Por: Armando de la Torre

“Entre las numerosas ventajas que ofrece una Unión bien estructurada, ninguna merece ser desarrollada con más precisión que su tendencia a suavizar y dominar la violencia del espíritu de partido. Nada produce al amigo de los gobiernos populares más inquietud acerca de su carácter y su destino, que observar su propensión a este peligroso vicio… La falta de fijeza, la injusticia y la confusión a que abre la puerta en las asambleas públicas, han sido realmente las enfermedades mortales que han hecho perecer a todo gobierno popular… Los ciudadanos más prudentes y virtuosos, tan amigos de la buena fe pública y privada como de la libertad pública y personal, se quejan de que nuestros gobiernos son demasiado inestables, de que el bien público se descuida en el conflicto de los partidos rivales y de que con harta frecuencia se aprueban medidas no conformes con las normas de la justicia y los derechos del partido más débil, impuestas por la fuerza superior de una mayoría interesada y dominadora… Es muy cierto que si nuestra situación se revisa sin prejuicios, se encontrará que algunas de las calamidades que nos abruman se consideran erróneamente como obra de nuestros gobiernos… Y, especialmente, la actual desconfianza, cada vez más intensa, hacia los compromisos públicos, y la alarma respecto a los derechos privados… Estos efectos se deben achacar, principalmente si no en su totalidad, a la inconstancia y la injusticia con que un espíritu faccioso ha corrompido nuestra administración pública…”
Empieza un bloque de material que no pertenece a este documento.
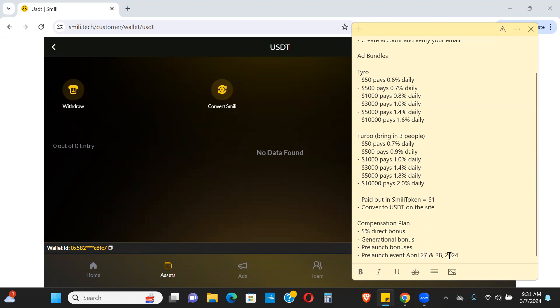All right guys, that's it. Just a quick update. Follow me on Telegram, subscribe to the channel. As always guys, do your own research, and if you do decide to get in, risk capital only. I'll catch you on the next one. Peace.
Con estas palabras comenzó James Madison el artículo número diez a la famosísima colección de aportes adjetivados “federalistas” (1787). Con ello pretendían él y sus dos socios de prensa, Alexander Hamilton y John Jay, convencer a sus conciudadanos del Estado de Nueva York de las bondades de la recién elaborada Constitución Federal para los EE.UU.

Esto me lo recuerdan algunas reacciones a mi comentario sobre la nota publicada en El Periódico por Juan  Luis Font con el título “De Soldados y Poetas”.

A mis ojos, el mayor rezago en nuestra vida pública (de aquí a la Argentina) es ese al que apuntó Madison: el “espíritu de  facción” (o “de partido”, preferiríamos hoy), que se hace evidente a cada paso y en cada ocasión en que discutimos cualquier  aspecto del “bien común”. Entre nosotros, en particular, exagerado por el todavía vigente legado conceptual de la lucha de clases según Karl Marx. Y, encima, complicado por la multietnicidad de nuestro pueblo.

Esto encierra graves implicaciones para todos. Por ejemplo, una permanente búsqueda de culpables de nuestros sufrimientos. O dicho de otra manera: el notar sólo la paja en el ojo ajeno y nunca la biga en el propio. Lo que se traduce a lo que es peor: al olvido de la obligación  universal a comportarnos según principios éticos que obligan por igual a todos, al extremo de que la hemos desterrado del todo de nuestras motivaciones políticas.

Es lo mismo que afirmar que el fin justifica los medios. Sólo así se explica ese oportunismo tan cínico condensado en los mal llamados “acuerdos de paz” declarados encima, mendazmente, “firme y duradera”.   

Tal “espíritu de facción”, como ejemplo histórico, dio al traste con la República Española.

Por eso es tan importante que a nadie se le exima de responsabilidades morales, “poetas” o no. Especialmente cuando se asocia voluntariamente para delinquir, y no tanto para matar soldados sino para secuestrar inocentes o, en su defecto, extorsionarlos.

Al fin y al cabo, pretextan, que el otro bando también lo hace.

Espíritu de facción”.

Un colega me pregunta: “¿Acaso haz conocido una madre a la que se le ha robado, o matado, al hijo?” Sí, por supuesto. La madre de mi padre, en Cuba. Y mi suegra, en Guatemala. Soy amigo, también, de una virtuosa dama de esta sociedad, Alice de Lowenthal, cuyo cumpleaños quedó empañado para siempre de luto. En ese día le comunicaron los secuestradores del EGP dónde recoger el cadáver de su joven hijo, desaparecido y “ajusticiado”…

Pero tales tragedias no cuentan para los cegados por el “espíritu de facción”,  pues, se dice de sus asesinos haber estado motivados por la “poesía” revolucionaria…

Y si los gobernantes de turno saquean las arcas públicas para comprar votos, aducen “¿por qué no si lo hacen… por los pobres?”